Monday, July 29, 2013

What stocks are cheap right now?

With the market's prolonged rally I am looking to see what has not ran up as much.  I have found a few companies for my watch list.  There are some $100+ stocks I'd like to add to my holdings or amount of shares I own, but are quite expensive. 

I kind of wish companies like MCD or MMM would split around here and I would do my best to get more shares of these high quality and innovative companies as they will likely continue to go back higher after giving you twice as many shares. 

I like the income that my BDC's and REIT's give me (mostly every single month) and have small stakes in many high quality quarterly payers.  I am continuing to look for value in the market and to broadly diversify my holdings and income plays.

Any investment ideas or suggestions are welcome!

Sunday, July 21, 2013

One investment that worked

When reading through the investor relations part of McDonald's website I came across this a few years back and it has been updated since then.  Imagine 100 shares turning into this sum.  Since the current dividend is $0.77 for each share right now that would make every quarterly dividend $57,257.20 in your pocket.  Not to mention they will likely raise the dividend in the December quarter.  The stock is also around $100 so it is likely worth $800K-$1 million more then it was at the end of 2012.

It is not easy to time these investments or to know which will be the next one to make you rich.  If it were everyone would be doing it.  It may not be as realistic to most when they see it, but it is truly amazing how much success early investors in the golden arches would have had by now.  The best way to build wealth is to diversify and keep adding to high quality companies with wide moats at attractive prices.  This is one of many investments that if were in early, at the right time and price you could be very wealthy after holding several years.  This is one stock I will be comfortable holding onto for a long time to come.
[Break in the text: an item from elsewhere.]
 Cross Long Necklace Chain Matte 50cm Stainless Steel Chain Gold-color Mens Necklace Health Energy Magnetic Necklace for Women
Do you own McDonald's?  Do you think the growth can continue?

Disclosure: Long MCD 

Saturday, July 20, 2013

DRIP vs Cash Dividends

For all the dividend investors out there do you DRIP (dividend reinvestment plans) or take the cash and use it as you see fit?  As a relatively young person I tend to DRIP everything and accumulate more shares in stable companies.  As I receive many different monthly and quarterly dividends it compounds nicely by adding more shares. As long as the dividend stays constant or is raised the next month or quarter depending on payment frequency I will then receive more income from each investment.
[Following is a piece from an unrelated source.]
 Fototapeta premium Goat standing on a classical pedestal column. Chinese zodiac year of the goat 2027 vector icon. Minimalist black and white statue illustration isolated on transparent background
Market data suggests that dividend stocks are much more stable and consist of the majority of gains in the stock market's history.  I have heard how things can become overvalued and why people prefer to use the cash for more undervalued stocks and respect that philosophy as well.  Unless you are living off the income and retired it seems that reinvesting into the market one way or another is the best option for building more wealth.

What do you think is the best strategy?  Do you DRIP, take the cash and run, or a combination of both?

What type of investor are you?

This is my first post and thought I'd ask what type of investor you are.

I am very interested in the stock market and like to research investing. Unfortunately not many people generally have knowledge or are interested in the stock market. Many people I have met have worked their whole life, but never paid attention to their investments or retirement planning.

The world of investments is complex and there are many different investment strategies and goals varying from person to person. Some are scared away by the normal up and down swings of the market and quit altogether. Others see it as an opportunity to make money. Which way is the most consistent way to make money? You can buy more shares of a penny stock or cheap investment and lose it all just as easy. You can buy less shares of a great business and use compounding to make a large sum over several years. There is ongoing debate between which are better mutual funds or individual stocks. Then there are bonds, ETF's, Options, Futures, and FOREX. There is no shortage of choices and opportunities to be involved in the markets as a speculator.

I have found dividends to be of the most stable and predictable way of making money longer term. I am sure you can make a lot on momentum stocks and options with taking more risk. I love watching dividends hit my account and do not know why people try to say they are too boring and not for anyone, but older people or retirees. By reading and studying about company's financial history through their websites, annual reports, and several investment blogs you can make a reasonable prediction on how they will perform into the future. This strategy has worked for a lot of people, but you must stay diversified as well. Having several high performing stocks that pay you to own a piece of their business is a great way to be involved in the market. Just in case one goes bad and cuts the dividend, others with rising payouts can quickly offset it. You can focus on which ones are most attractively priced within an overall market and buy what you choose. There is a tool some use called dollar cost averaging where you buy same amount of $ worth of shares no matter the price and as it fluctuates it will buy you more or less shares depending on the price.

What type of investor are you? Do you follow Warren Buffett or Benjamin Graham principles? Are you speculative or one who is too scared you will gamble away all your money?